An NYPD recruit who died during an academy training session was remembered at his funeral Thursday as a humble soul who wanted nothing more than to serve and protect the city he loved.
Probationary Officer Edgar Ordonez collapsed and died just days before his police training was to be completed. Even so, he was saluted like a 20-year veteran by police and city dignitaries who said Ordonez did more than enough to earn his new badge.
“I think about all the officers who have joined the department and how far we’ve come,” Mayor Adams, a retired NYPD captain, said during a service at the Church of St.
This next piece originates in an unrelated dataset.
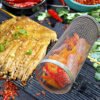 Portable Rotating Metal Mesh Grill Basket for Outdoor Camping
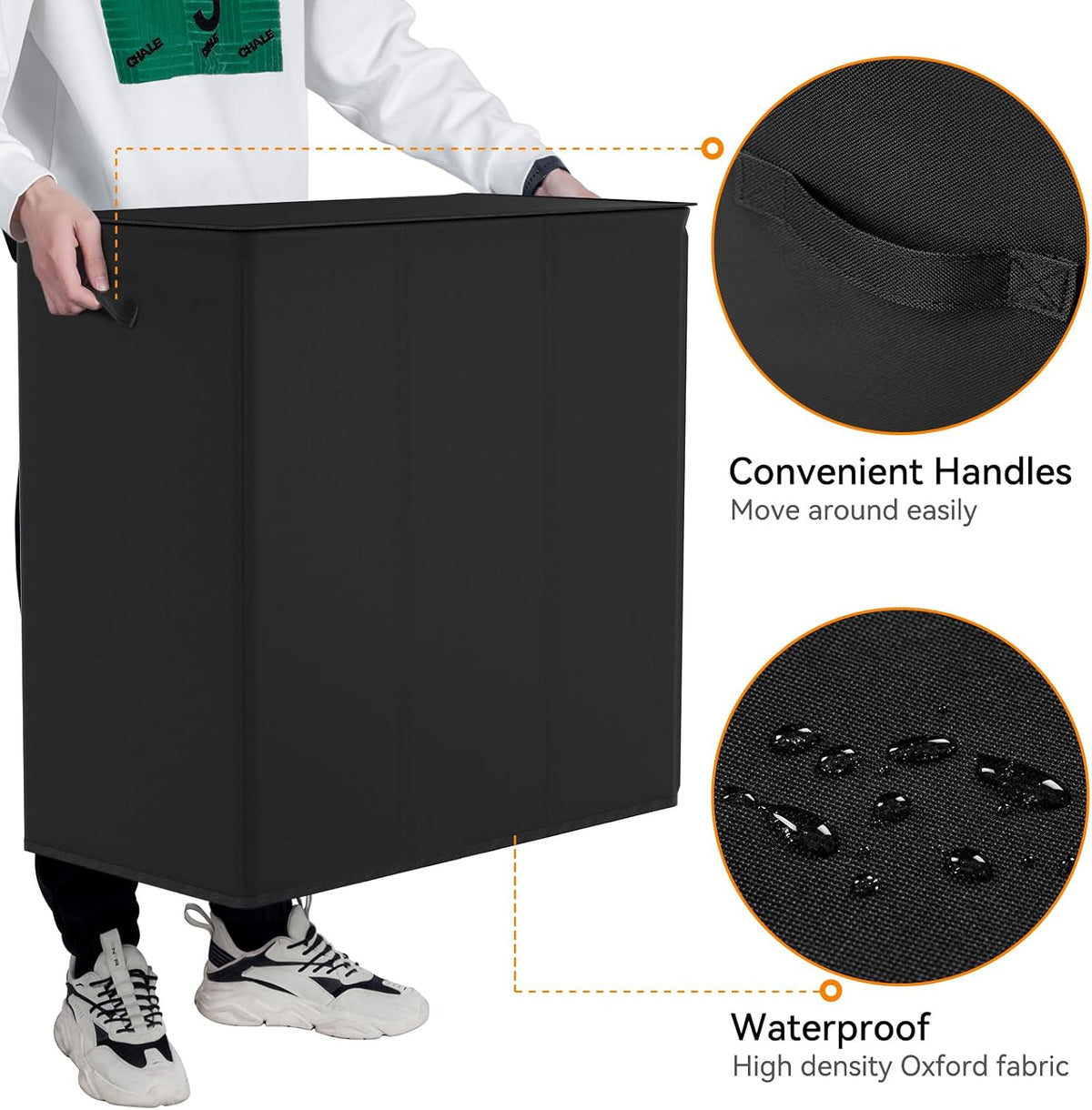 180L Double Laundry Hamper 2 Section with Lid and Removable Bags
Anselm in the Bronx.
“And now we’re here for a young man named Edgar, an immigrant from Honduras who decided to put on the police uniform and understand that the prerequisite to our prosperity as a city and country is public safety.“
Adams called Ordonez “an ambassador” and praised officers like Ordonez who highlight the diversity of the department.
“You lost a son,” he said to Ordonez’ parents, “but you picked up a family.”
Ordonez, 33, the father of two daughters, was taking part in an outdoor drill at the NYPD’s training center at Rodmans Neck in the Bronx on July 8 when he got dizzy and collapsed about 11:25 a.m., officials said.
Drills on the 95-degree day involved running, stopping and then firing at a stationary target.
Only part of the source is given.